• _Material provided_:
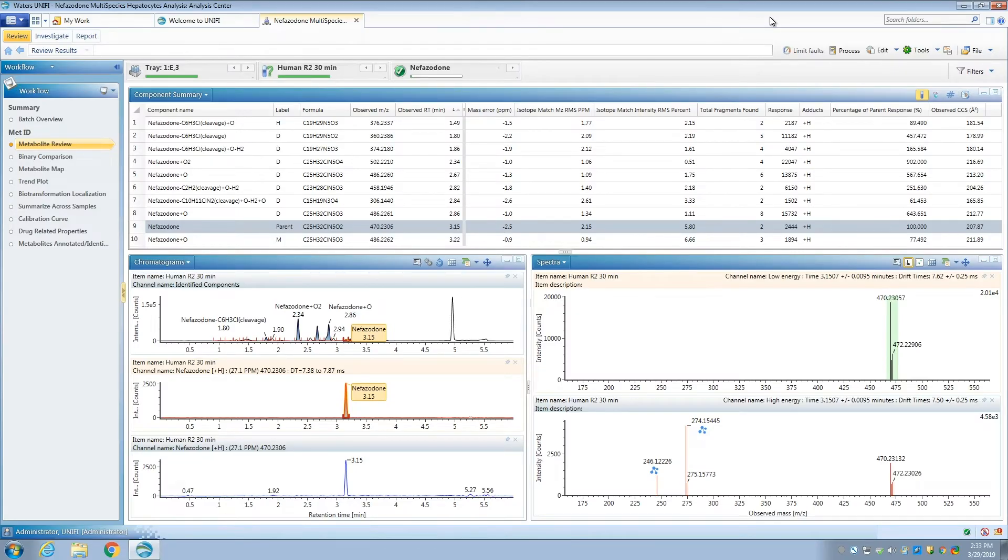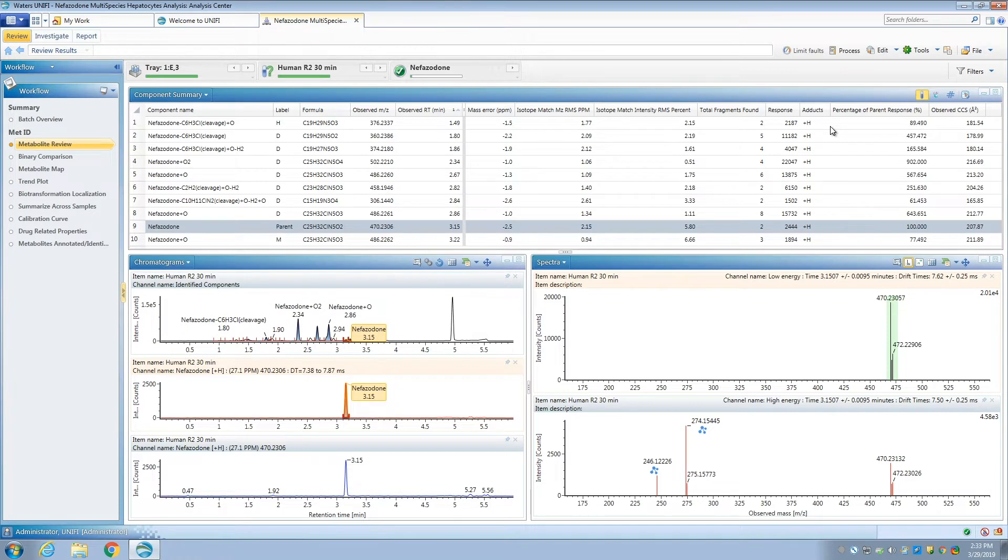In order to take advantage of all this extra information, Waters had to redesign its software to use ion mobility from the ground up. The result was UniFi. UniFi allows acquisition of high quality ion mobility enabled data, and most importantly, easy processing and visualization of the extra information.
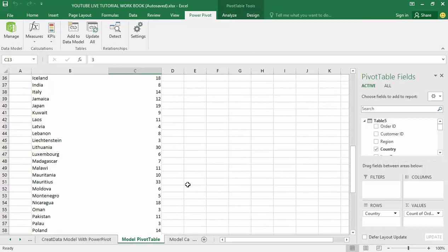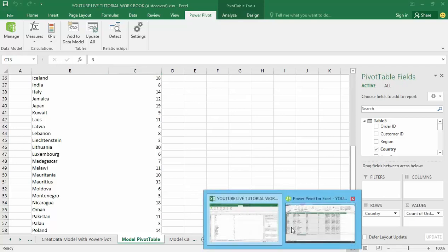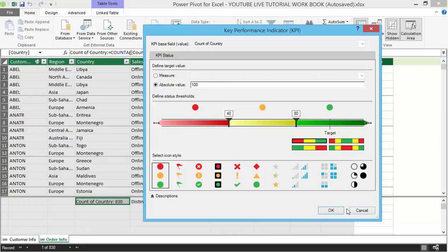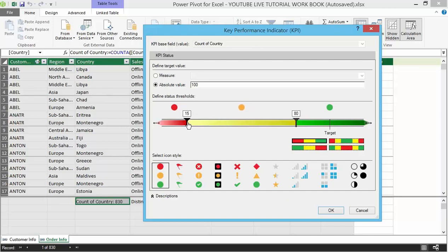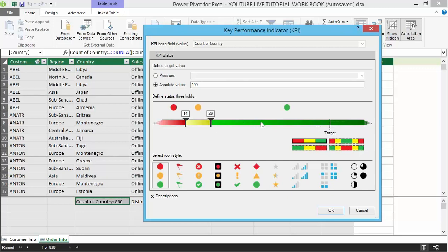From the pivot table we can see that 33 is the highest among all the number of countries counted. I can set that as my range for the threshold. Let me go back to the Key Performance Indicator interface. I can set the threshold to be between 14 and 29, since the highest number is 33.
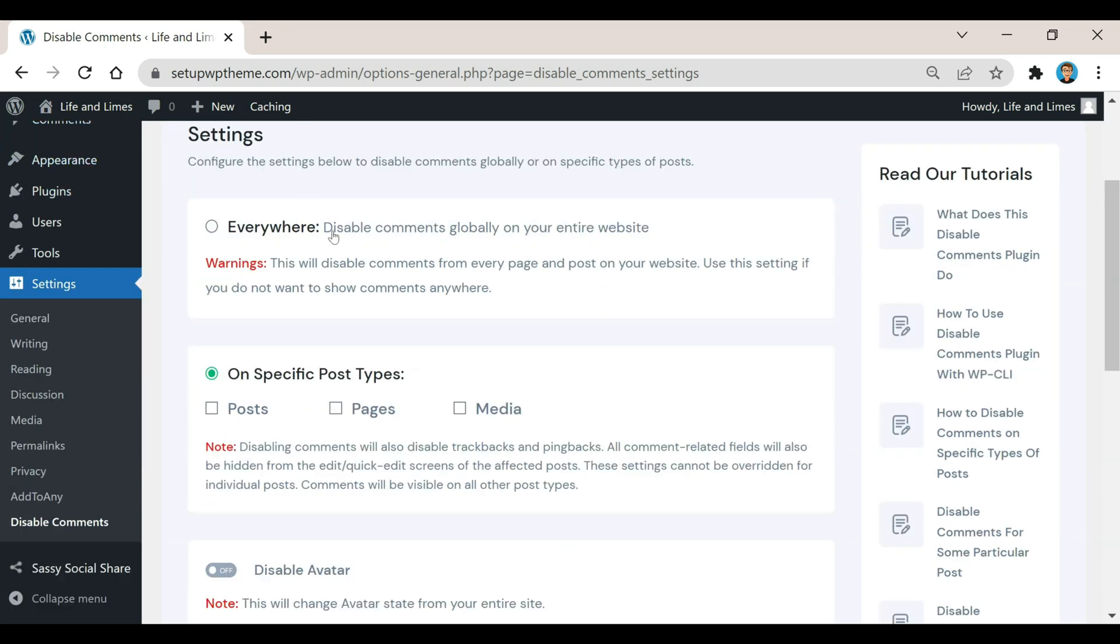Once we get here you're going to see a few different options they have for you. If you want to disable all the comments completely on your website, all you do is select this button right here. That will disable everything. Like it says in the warning, this disables comments from every page and post on your website. Use this setting if you do not want to show your comments anywhere. So again, this will completely get rid of all the comments.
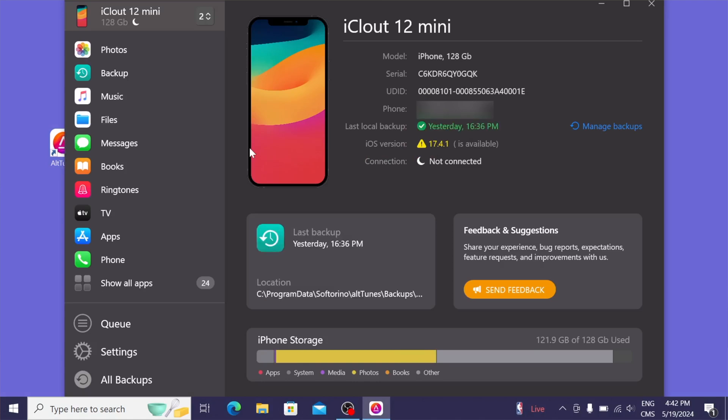So as you can see on my screen, Altunes sees my iPhone 12 mini, and I get all my information like my phone number which I blurred out, and any of the other info like iOS version and serial number.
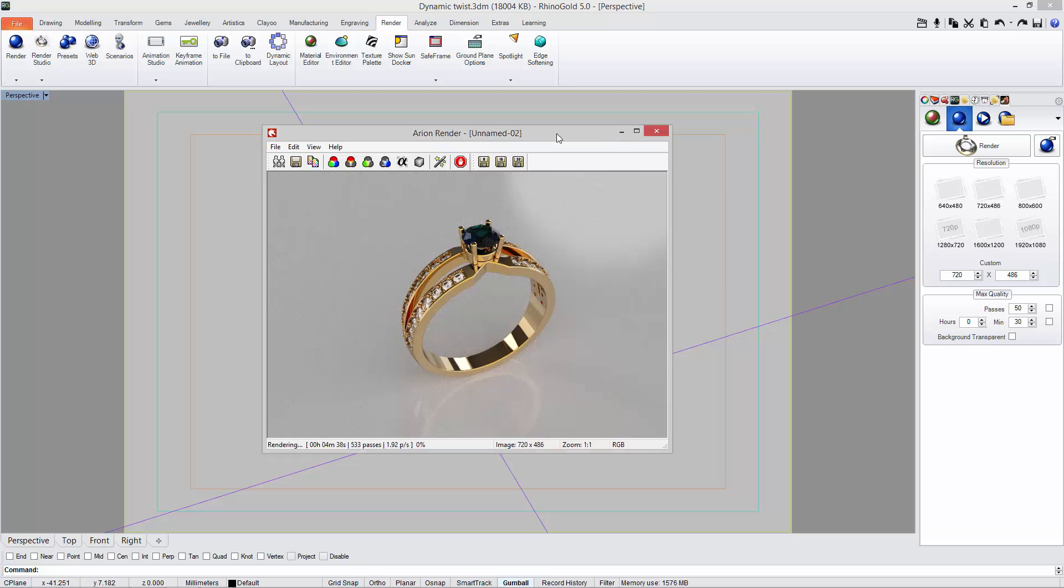I would say that at this point the render is good enough. Of course I could leave the rendering calculating and improving the image, but when I decide the image is good enough, I just need to stop the render.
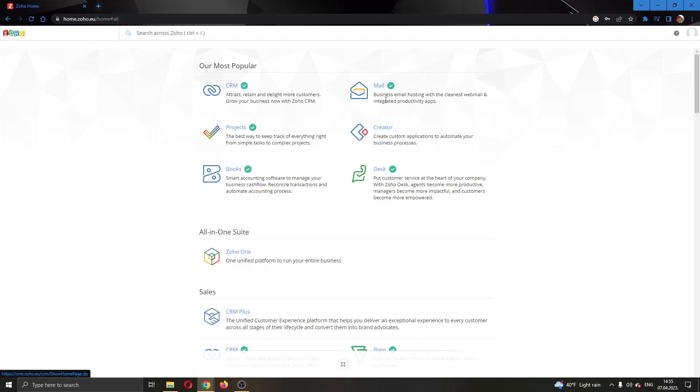As you can see, we have our CRM app, our mail app, our projects app and so on. We're going to go ahead and be using the CRM app for today. So I'm going to go ahead and open up CRM right here by clicking on it.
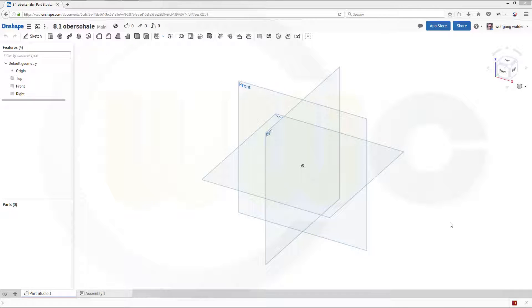Hi, welcome to another Onshape video tutorial. I want to show you how to use draft.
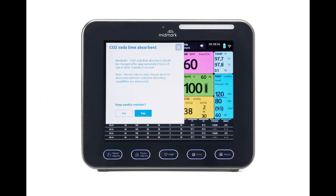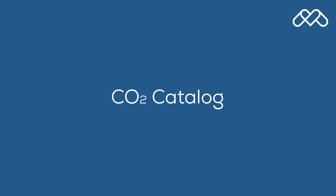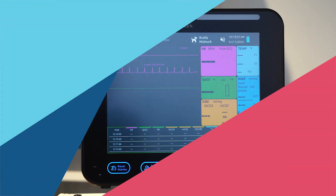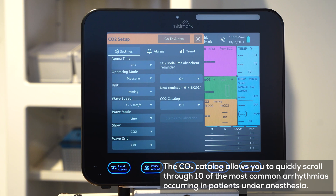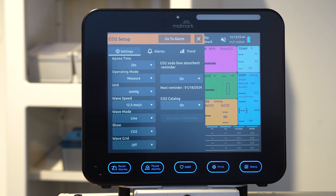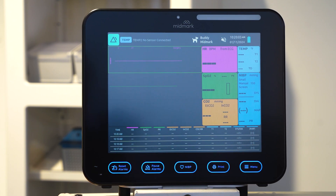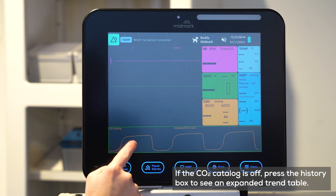Weekly, the CO2 soda lime absorbent reminder will display, providing best practice reminders on replacing CO2 absorbent. To turn on the CO2 catalog, press on the CO2 waveform, find CO2 catalog, and press on. To display the CO2 catalog, return to the main screen by pressing X in the upper right hand corner and select the NIBP history box.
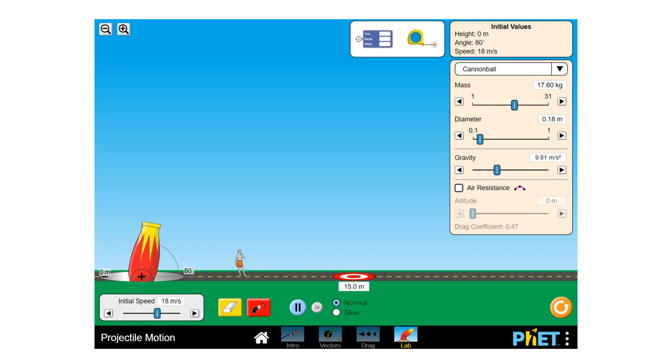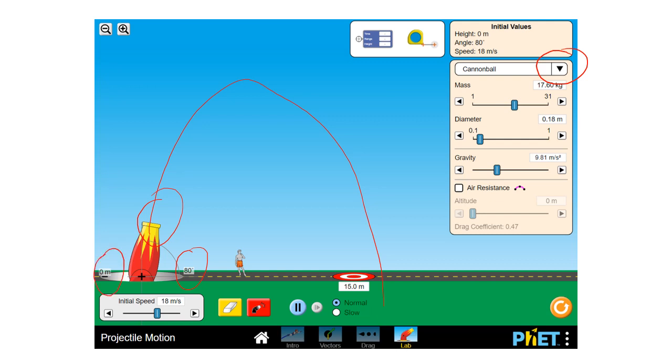So you have a wonderful cannon. It'll shoot stuff and you can change what it is. You can change the angle. You can change the height of the cannon. You can change where the target is. Fire.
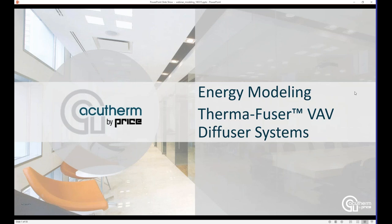Welcome to AccuTherm's webinar presentation, Energy Modeling Thermafuser VAV Diffuser Systems. I'm your host, Bob Klein, AccuTherm's Director of Engineering.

• _What you should do_:
Without the pictures, restate all the entries above exactly.

• _Result of this task_:
In order to take advantage of all this extra information, Waters had to redesign its software to use ion mobility from the ground up. The result was UniFi. UniFi allows acquisition of high quality ion mobility enabled data, and most importantly, easy processing and visualization of the extra information.
From the pivot table we can see that 33 is the highest among all the number of countries counted. I can set that as my range for the threshold. Let me go back to the Key Performance Indicator interface. I can set the threshold to be between 14 and 29, since the highest number is 33.
Once we get here you're going to see a few different options they have for you. If you want to disable all the comments completely on your website, all you do is select this button right here. That will disable everything. Like it says in the warning, this disables comments from every page and post on your website. Use this setting if you do not want to show your comments anywhere. So again, this will completely get rid of all the comments.
So as you can see on my screen, Altunes sees my iPhone 12 mini, and I get all my information like my phone number which I blurred out, and any of the other info like iOS version and serial number.
I would say that at this point the render is good enough. Of course I could leave the rendering calculating and improving the image, but when I decide the image is good enough, I just need to stop the render.
As you can see, we have our CRM app, our mail app, our projects app and so on. We're going to go ahead and be using the CRM app for today. So I'm going to go ahead and open up CRM right here by clicking on it.
Hi, welcome to another Onshape video tutorial. I want to show you how to use draft.
Weekly, the CO2 soda lime absorbent reminder will display, providing best practice reminders on replacing CO2 absorbent. To turn on the CO2 catalog, press on the CO2 waveform, find CO2 catalog, and press on. To display the CO2 catalog, return to the main screen by pressing X in the upper right hand corner and select the NIBP history box.
So you have a wonderful cannon. It'll shoot stuff and you can change what it is. You can change the angle. You can change the height of the cannon. You can change where the target is. Fire.
Welcome to AccuTherm's webinar presentation, Energy Modeling Thermafuser VAV Diffuser Systems. I'm your host, Bob Klein, AccuTherm's Director of Engineering.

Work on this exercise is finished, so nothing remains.